A FATHER-OF-TWO who deliberately ran over a teenage girl after she tried to break up an argument between him and his then girlfriend has been jailed.

Bradford Crown Court heard that Haroon Rashid, 28, was involved in a confrontation with his partner, Hayley Travers, and her friend, 19 year-old Georgina Everard, near a takeaway on Great Horton Road in the early hours of April 4 last year.

When Miss Travers refused to get in his Toyota Yaris and began walking away, Rashid got back into the car and ploughed into her friend, causing serious injuries to her leg.

Prosecutor Clare Walsh told the court that earlier the previous day, Rashid had turned up at Miss Travers’ house, where he was described as being “off his face.” He boasted to the pair that he had “been awake for five days”, drinking alcohol and using cocaine and cannabis.

The women left and later went to get some food from the takeaway, where they saw Rashid parked up outside.

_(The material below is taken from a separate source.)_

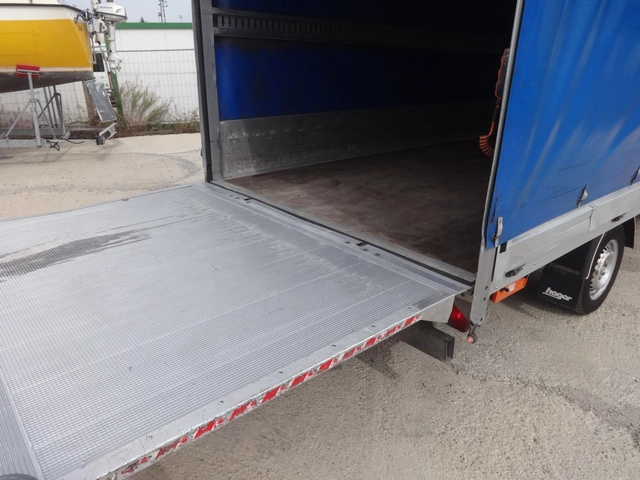 Iveco Daily 35S17 3.0HPI* КЛИМАТИК*  КАТ. * Б* 3, 5т. - автомобили, коли, обяви за нови и употребявани 11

An argument ensued, and as the pair walked away, the defendant turned his car around and pulled alongside them again.

Miss Walsh said that Rashid tried to grab Miss Travers, causing Miss Everard to intervene. As the two women walked away for a second time, Rashid got back in his car and drove it straight at Miss Everard, with the vehicle “half on the pavement and half on the road.”

The crash saw her flip onto the bonnet of the car, before her leg then got caught in the wheel.

After the impact, Rashid reversed back onto the road and drove away, leaving his victim “screaming with pain.”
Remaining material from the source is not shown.